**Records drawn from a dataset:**
--- START ---

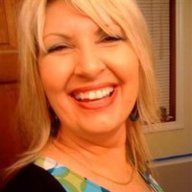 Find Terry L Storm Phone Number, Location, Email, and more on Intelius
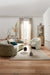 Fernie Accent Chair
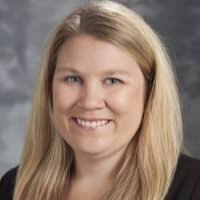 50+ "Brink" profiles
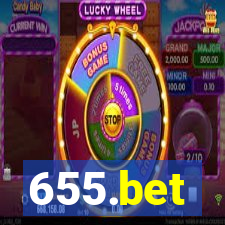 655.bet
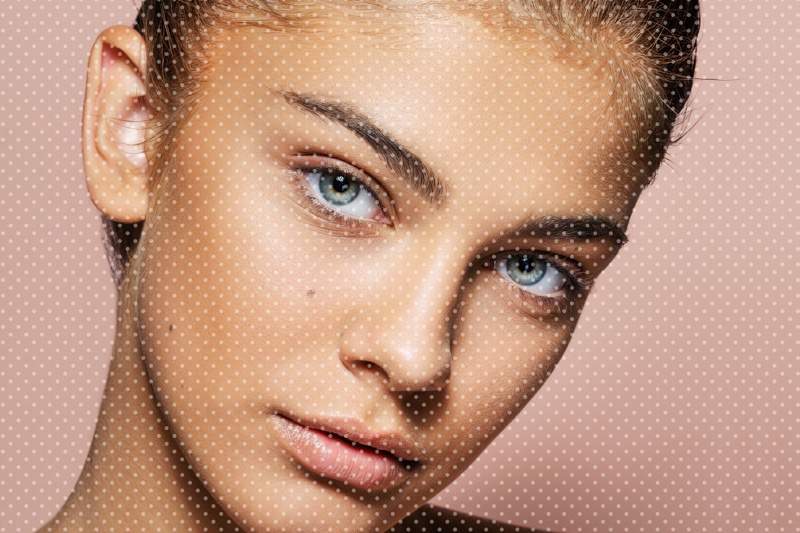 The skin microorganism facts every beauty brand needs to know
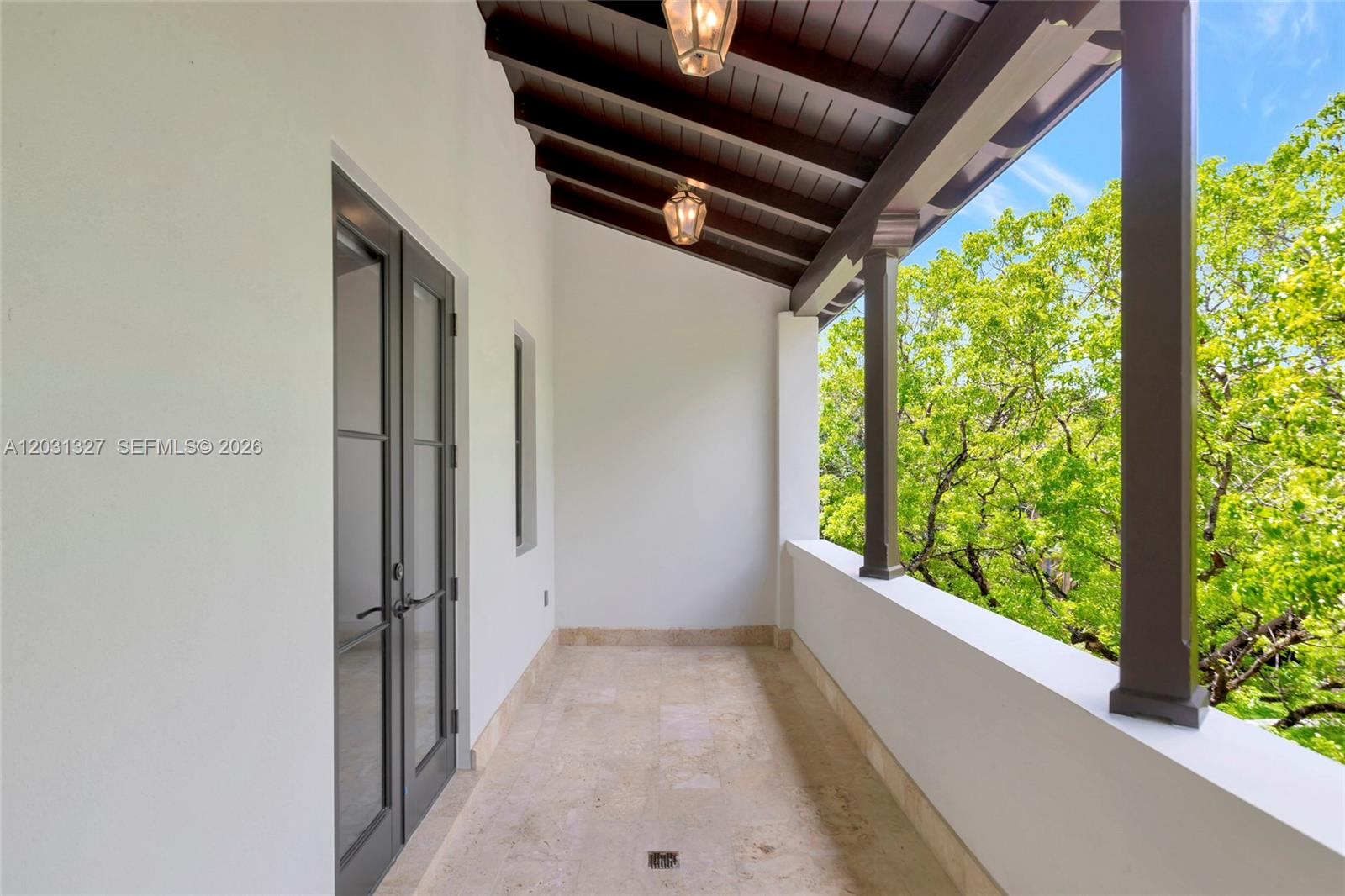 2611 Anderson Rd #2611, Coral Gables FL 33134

--- END ---
--- START ---

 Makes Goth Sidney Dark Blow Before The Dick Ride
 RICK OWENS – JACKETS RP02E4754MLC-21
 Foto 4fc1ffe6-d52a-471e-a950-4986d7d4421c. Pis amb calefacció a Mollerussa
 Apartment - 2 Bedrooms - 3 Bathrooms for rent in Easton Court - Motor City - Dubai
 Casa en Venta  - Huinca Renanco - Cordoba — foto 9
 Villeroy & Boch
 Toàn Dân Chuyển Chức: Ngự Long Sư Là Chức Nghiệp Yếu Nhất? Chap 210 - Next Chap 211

--- END ---

**Exercise objective:**
From the data above, reproduce word for word the lines running from the line with "Makes Goth Sidney" to the line with "Toàn Dân Chuyển", ends included.

**Exercise answer:**
 Makes Goth Sidney Dark Blow Before The Dick Ride
 RICK OWENS – JACKETS RP02E4754MLC-21
 Foto 4fc1ffe6-d52a-471e-a950-4986d7d4421c. Pis amb calefacció a Mollerussa
 Apartment - 2 Bedrooms - 3 Bathrooms for rent in Easton Court - Motor City - Dubai
 Casa en Venta  - Huinca Renanco - Cordoba — foto 9
 Villeroy & Boch
 Toàn Dân Chuyển Chức: Ngự Long Sư Là Chức Nghiệp Yếu Nhất? Chap 210 - Next Chap 211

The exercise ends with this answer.